A/B Testing: Analysis of Credit Card Marketing Campaign

Kailash Hari

Published in

Analytics Vidhya

8 min readOct 25, 2019

Data Analysis: Credit Card Marketing Campaign by Kailash and Pooja -

Github link with complete python notebook and UCI dataset on bank marketing- https://github.com/kailash14

Scenario

A large consumer bank has recently run a direct marketing campaign by creating a video ad for credit card offers to acquire more credit card applications.
During the campaign, they also ran a split test for landing pages. The control page is their default text-based page, while the test page features a new marketing video.

Dataset Description

· Dataset Name: bank_direct_marketing.csv

· Number of rows: 100000

· Each row represents the demographics and the response of the recipients.

· Number of Variables: 12

· Variables Name:

Demographics of Users: age, job, marital_status, education, gender,
The response of Users: suggested, day_of_week, test, frequency, page_views, prev_y, y

Objective

To check A/B testing and to see if the test page(with the video ad) has performed better than the control page(textbase).

Data Dictionary:

age: type — Numerical
Age of the recipient.

job: type — Nominal Categorical
Job category of the recipient.

marital: type — Nominal Categorical
Marital status of the recipient

education: type — Nominal Categorical education level of the recipient.

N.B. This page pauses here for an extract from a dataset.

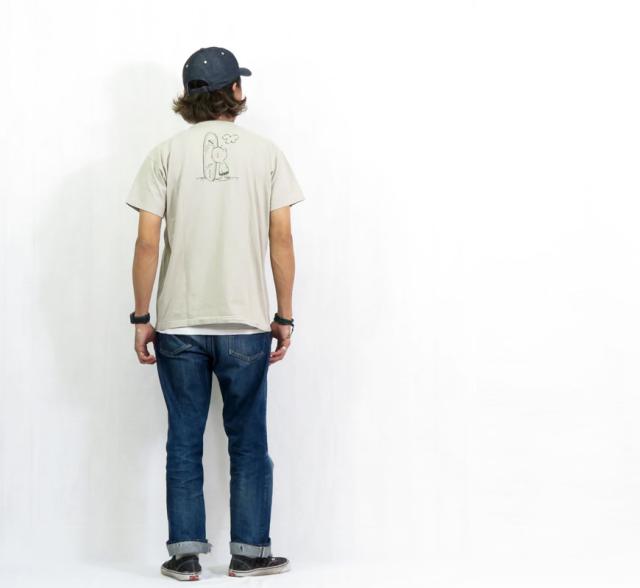 トイズマッコイ TOYSMcCOY   半袖 Tシャツ SNOOPY TEE WOODSTOCK " U.S.ARMY AVIATION " TMC2523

gender: type — Nominal Categorical
Gender (male is 1, the female is 0) of the recipient.

suggested: type — Nominal Categorical
Whether the recipient is outside of the bank’s original targeting parameters (i.e. suggested by algorithms).

test: type — Nominal Categorical
A test landing page with video (control page is 0, the test page is 1).

day_of_week: type — Ordinal Categorical
The day that the recipient saw the ad.

frequency: type — Numerical
The number of times the recipient had seen the ads from the campaign.

page_views: type — Numerical
A number of pages the recipient had viewed on the bank’s website in the 90 days period prior to seeing the ad.

prev_y: type — Nominal Categorical.
Whether the recipient had applied for a credit card after receiving a previous campaign.
0- Not applied for the credit cards.
1- Applied for the credit card.
2- the recipient has never received a previous campaign.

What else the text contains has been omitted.